In Seurat: Calculate feature-specific contrast levels based on quantiles of non-zero expression. FeaturePlot(pbmc3k.final, features = c("MS4A1", "PTPRCAP"), min.cutoff = "q10", max.cutoff = "q90")

In Scanpy: the maximum value plotted can be adjusted using vmax (similarly vmin can be used for the minimum value). In this case we use p99, which means to use as max value the 99 percentile. The max value can be a number or a list of numbers if the vmax wants to be set for multiple plots individually. sc.pl.umap(pbmc, color=['MS4A1', 'PTPRCAP'], vmin='p10', vmax='p99')

Thank you

alanocallaghan commented 1 year ago

Can you provide an example output plot?

jfreimer commented 1 year ago

Sure, here is a UMAP with and without the quantile cutoff from the Seurat tutorial:

SeuratData::InstallData("pbmc3k")
library(Seurat)
library(SeuratData)
library(ggplot2)
library(patchwork)
data("pbmc3k.final")

FeaturePlot(pbmc3k.final, features = c("PTPRCAP"), min.cutoff = "q10", max.cutoff = "q90")
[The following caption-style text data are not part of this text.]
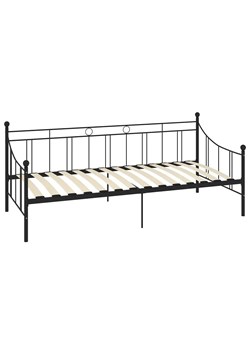 Czarne metalowe łóżko 90x200 cm - Lofi ze sklepu Edinos.pl w kategorii Łóżka i materace - zdjęcie 173447357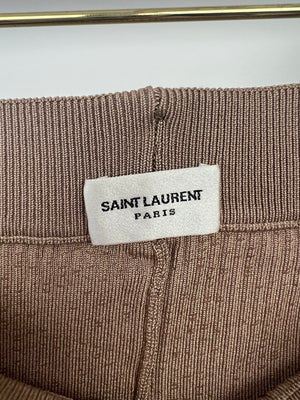 Saint Laurent Camel Ribbed Knit Cycling Shorts Size XS (UK 6)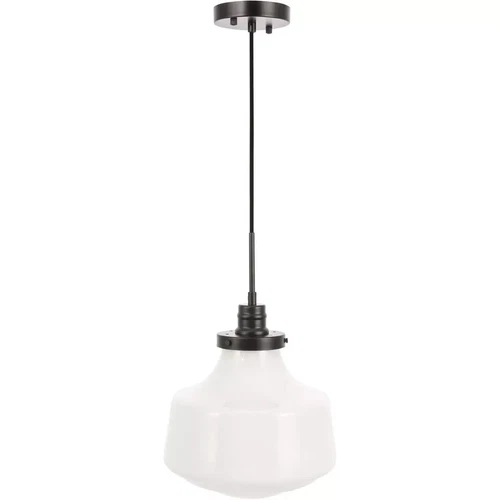 Elegant Lighting Lyle Single Light 11" Wide Pendant with Frosted Glass Black - Picture 1 of 7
FeaturePlot(pbmc3k.final, features = c("PTPRCAP"))

umap_with_cutoff.pdf umap_without_cutoff.pdf

alanocallaghan commented 1 year ago

So just to be clear, the quantile cutoffs define the values at which you truncate the range of the data. ie for q10, anything below q10 is shown as being exactly q10?

jfreimer commented 1 year ago

Yes, I believe that is how both Seurat and Scanpy do it.

From the Scanpy docs (https://scanpy.readthedocs.io/en/stable/generated/scanpy.pl.umap.html#scanpy.pl.umap):

vmin : Union[str, float, Callable[[Sequence[float]], float], Sequence[Union[str, float, Callable[[Sequence[float]], float]]], None] (default: None) The value representing the lower limit of the color scale. Values smaller than vmin are plotted with the same color as vmin. vmin can be a number, a string, a function or None. If vmin is a string and has the format pN, this is interpreted as a vmin=percentile(N). For example vmin=’p1.5’ is interpreted as the 1.5 percentile. If vmin is function, then vmin is interpreted as the return value of the function over the list of values to plot. For example to set vmin tp the mean of the values to plot, def my_vmin(values): return np.mean(values) and then set vmin=my_vmin. If vmin is None (default) an automatic minimum value is used as defined by matplotlib scatter function. When making multiple plots, vmin can be a list of values, one for each plot. For example vmin=[0.1, 'p1', None, my_vmin]